Le camp se trouve dans les montagnes au-dessus du Pirée, à Schisto, une zone plutôt isolée dans la banlieue d'Athènes. Environ 200 enfants y vivent avec leurs familles, cohabitant dans des conteneurs à plusieurs étages. Ils sont principalement Kurdes, Afghans, Syriens ; certains arrivent aussi d'Afrique. Transférés pour certains du camp d'Eleonas - qui se trouvait au centre d'Athènes - ils attendent, parfois pendant de nombreuses années, d'être relogés.
Ces derniers jours, un groupe de Jeunes pour la Paix de Rome et de Würzburg est retourné leur rendre visite : avec des fêtes, des cadeaux, des repas pris ensemble, ils ont apporté Noël à tout le monde, là-bas aussi. Des journées de rencontres et d'émotion, comme il ressort des récits que nous publions :
"Ne m'oubliez pas. Il s'agit d'un petit éléphant en laine, parmi des poignées de bonbons, une écharpe et quelques bracelets. On la voit et on comprend immédiatement qu'elle porte un message, une bouteille dans cette mer de désespoir qu'est le camp de réfugiés de Schisto. Car pour les nombreux enfants qui vivent ici des jours identiques depuis des années, comme pour les éléphants, la mémoire et les souvenirs sont tout."

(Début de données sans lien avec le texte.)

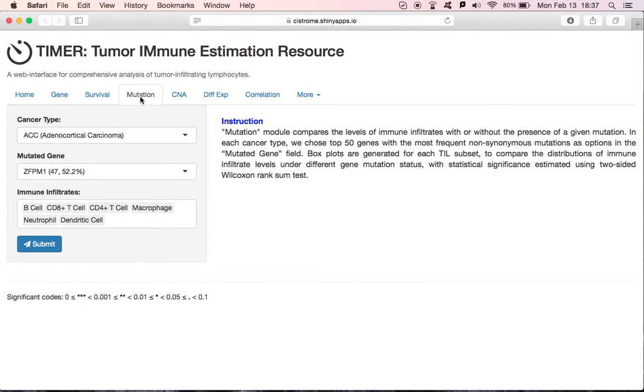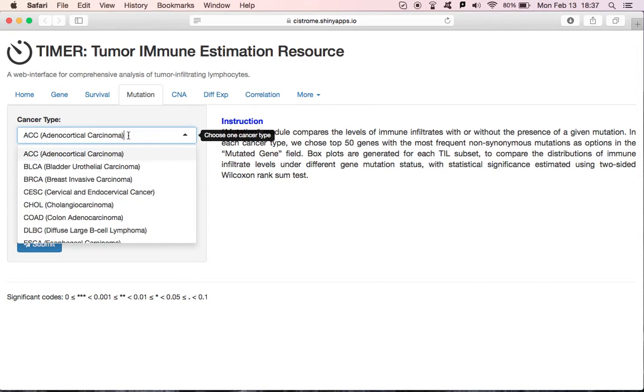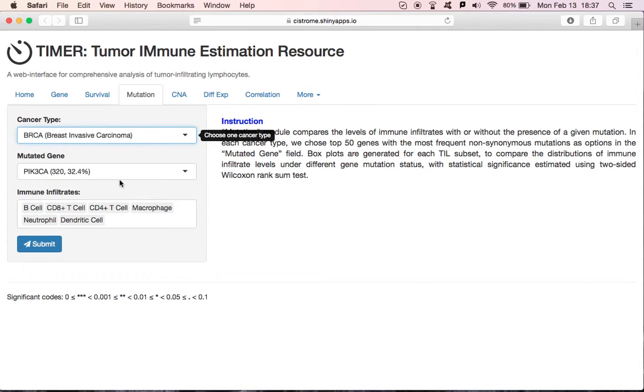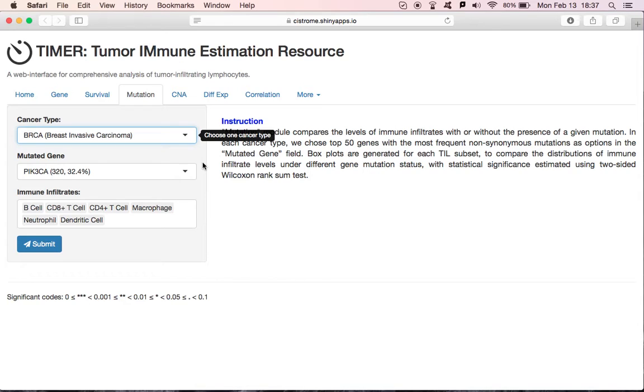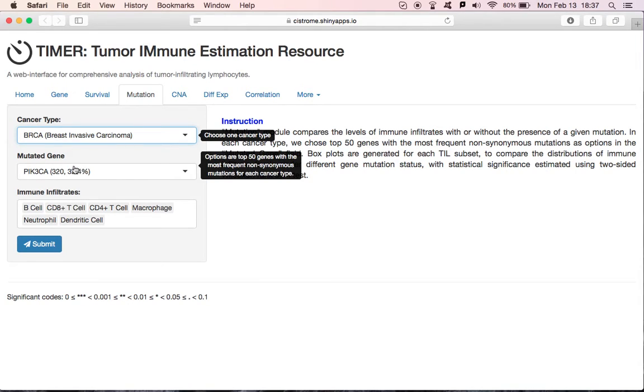This module compares the levels of immune infiltrates with or without the presence of a given mutation. Here, we choose breast cancer, and you'll see the mutated gene list has changed. Then, choose a frequently mutated gene. The first number in the bracket is the number of patients with this mutated gene, followed by its percentage.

Aisha est musulmane, mais le petit éléphant qu'elle tient dans ses mains est un cadeau de Noël qu'elle veut offrir à Marco, qu'elle a rencontré il y a deux ans dans le camp de réfugiés d'Eleonas et qu'elle retrouve aujourd'hui, avec les autres Jeunes pour la Paix, dans le camp de Schisto. Le dossard bleu de Sant'Egidio, un petit certificat de participation à l'École de la Paix, les feutres ; ce sont les souvenirs indélébiles et tangibles que des enfants comme Aisha portent avec eux, stockés dans les étagères de leur cœur ou soigneusement conservés dans les coins des bâtiments préfabriqués qui composent le camp de réfugiés. Ce sont les souvenirs de ceux qui ne les ont pas oubliés, des instantanés de joie que l'on voit resurgir lorsque, des mois après notre dernière visite, ils se mettent à chanter les chansons que nous leur avons apprises en juillet dès qu'ils nous reconnaissent. Ce sont les moments où tu réalises que ton superflu, ce petit bout de temps que tu as passé dans les rues poussiéreuses du camp de réfugiés, où tout semble immobile et immuable, est au contraire tellement utile pour les centaines de petits qui puisent chaque jour leur force dans ce souvenir. Parce que tout, dans Schisto, est un cri silencieux de résignation.
"Nous voulons aller à l'école, nous voulons étudier", nous disent les enfants plus âgés qui s'émerveillent devant les bassins de l'aquarium d'Athènes. Vous les voyez là, leurs yeux suivant une pieuvre insaisissable, et vous ne pouvez vous empêcher d'imaginer le voyage qui les a conduits en Grèce, parmi les vagues de la mer Égée, des enfants trop jeunes avec des poissons trop gros sous leurs pieds. Et l'on repense à leur désir d'apprendre, alors que, le nez collé contre la vitre, ils semblent essayer de regarder au-delà de ce plafond de verre qui les relègue là, dans un camp de réfugiés aux portes de l'Europe.
Nous ne vous oublierons pas. Nous rentrerons à Rome les yeux pleins de vos visages illuminés lorsqu'ils voient une crème glacée, avec vos cris d'enthousiasme encore présents dans nos oreilles lorsque vous aperceviez des brownies ! Un petit moment de joie qui nous fera tenir toute l'année. Mais surtout, nous retournerons à Rome avec le désir de faire quelque chose pour vous, de travailler pour que de nouveaux couloirs humanitaires s'ouvrent, et avec ceux-ci aussi, les portes d'une école qui vous accueillera. Nous garderons le souvenir, pour être toujours près de vous. Pour revenir sur nos pas. Comme autant de petits éléphants.